Alphonse van Worden - 1750 AD
É cada vez mais premente, preclaros confrades, a necessidade de regenerar espiritualmente a Cristandade; e, para tanto, a Europa é o princípio de tudo: à leste, sob o primado do Patriarca de Moscou; à oeste, sob a égide do Sumo Pontífice de Roma.
E tal mister não é uma preocupação recente, saliente-se: autores como TS Eliot e Chesterton, por exemplo, no século XX; Solovyov e Dostoyevsky, na segunda metade do século XIX; e anteriormente, homens como Joseph de Maistre e Donoso Cortés, e outros mais, já haviam atentado para este importante tópico.
Não obstante, creio que o alemão Novalis, consoante já asseveramos n’outra feita, se calhar foi o autor que melhor sintetizou a essência da questão. Em
A Cristandade ou a Europa (1799), notável peça de apologética cristã, Novalis advoga um retorno à Idade Média, cuja unidade harmônica poderia regenerar uma Europa convulsionada por dissensões políticas e religiosas; seria, pois, o caminho para o ‘reencantamento’ do mundo moderno, fragmentado e desprovido de um sentido maior.
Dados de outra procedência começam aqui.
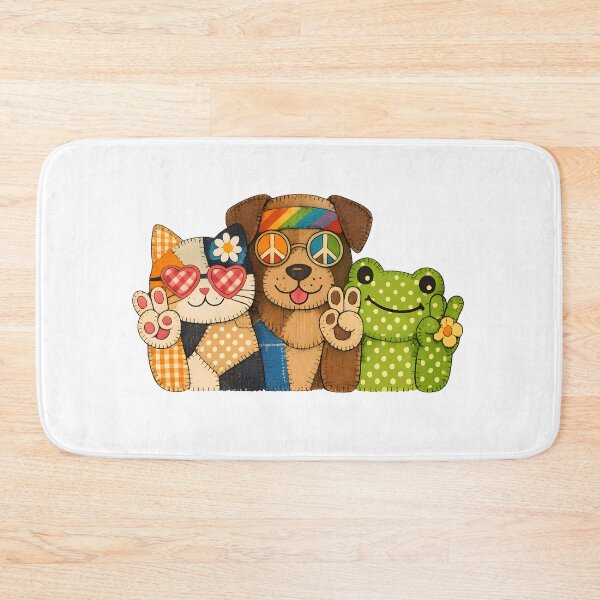 Item preview, Peace & Love Patchwork Animals T-Shirt designed and sold by Santuário da Bicharada.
A noção de um ‘todo’ uno e coerente, ou seja, de uma cosmovisão capaz de articular de forma convergente e coesa as instâncias política, econômica, cultural e religiosa, bem como de conferir transcendência à vida social, é a perspectiva dominante neste escrito, consoante sua notável abertura nos revela: “Belos, esplêndidos tempos: a Europa era terra cristã, e a Cristandade habitava una este recanto de mundo humanamente configurado...”.
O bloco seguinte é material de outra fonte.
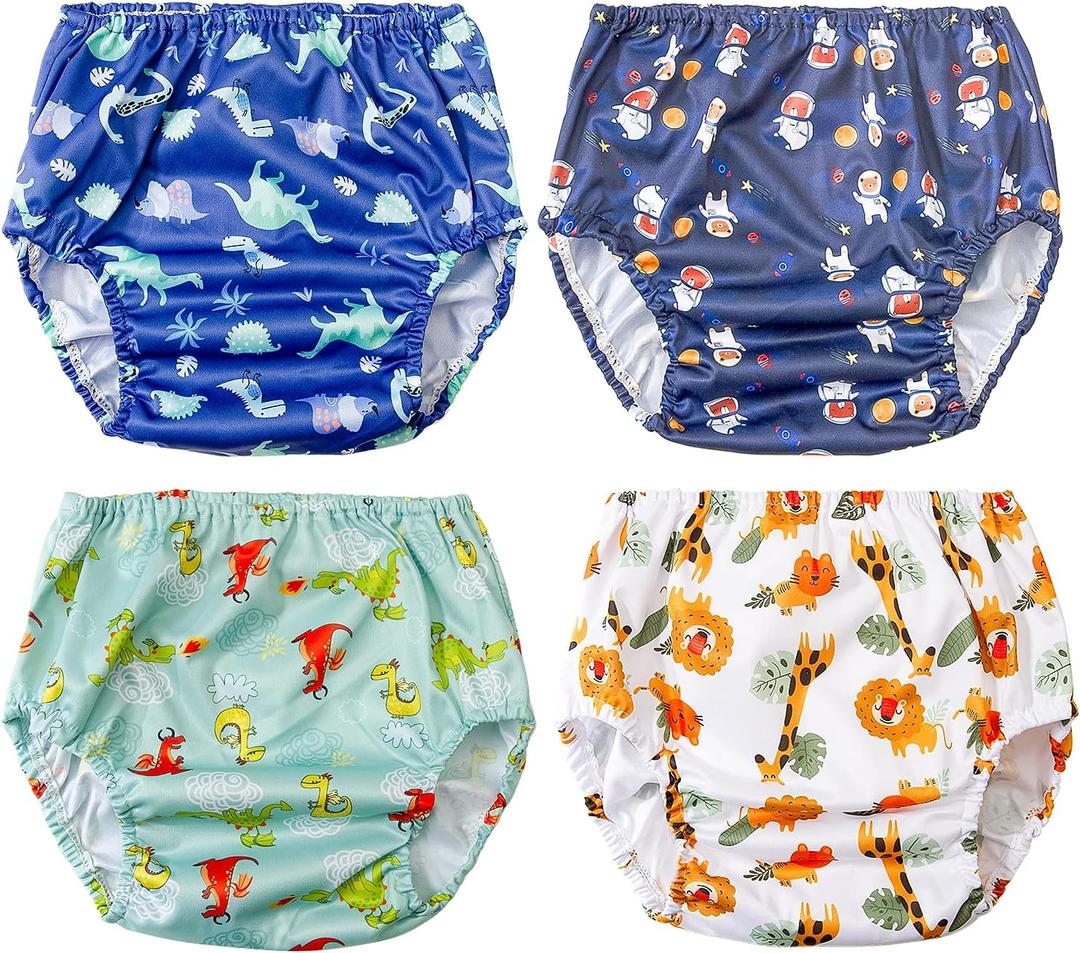BISENKID Rubber Underpants for Potty Training Good Elastic Plastic Diaper Covers for Plastic Pants & Training Underwear for Boy 2t (2T (4 Count))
Assim sendo, o autor crê que a Europa deixara de ser um paraíso sobre a terra devido à evolução das relações comerciais, que gerou o esfacelamento do continente em vários estados nacionais beligerantes; e enquanto o continente não retornar à unidade transcendente em Cristo, Novalis, deveras sombrio, assevera que “o sangue correrá através da Europa”, sublinhando que apenas "a religião será capaz de ressuscitar a Europa, bem como de dar segurança a seu povo... e o resto do mundo aguarda pela ascensão e reconciliação da Europa, de maneira a somar-se a ela e assim ingressar no Paraíso”.
Destarte, a pergunta que se impõe é a seguinte: seria o ideal de Novalis, e de tantos outros ilustres autores, ainda plenamente realizável no mundo contemporâneo...? Decerto que não, mormente em termos de organização econômica, dada a extrema complexidade operacional dos mecanismos de gestão na atualidade, bem como o entrelaçamento dinâmico dos ativos financeiros em escala global; quero crer, todavia, que é algo parcialmente exeqüível como movimento cultural, e que, portanto, é possível pugnar por tal iniciativa, que seria não apenas sobremaneira salutar para o continente europeu, mas também para todos nós que, cultural e espiritualmente, somos herdeiros do Velho Mundo.
O grande busílis radica, contudo, na trágica incompreensão, por parte de muitos cristãos, de que tanto o socialismo quanto o liberalismo são tão somente as 'duas cabeças de Janus' do maior inimigo histórico da fé cristã: o iluminismo.
O movimento que tenho em mente deveria partir d'um esforço concreto, verdadeiramente efetivo, de convergência entre ortodoxos e católicos. Ora, as razões que conduziram ao Cisma de 1054 são hoje, em sua esmagadora maioria, questões históricas inteiramente mortas, ou então sutis bizantinismos teológicos que, sejamos francos, hoje só interessam à 'meia dúzia de três' doutíssimos nefelibatas.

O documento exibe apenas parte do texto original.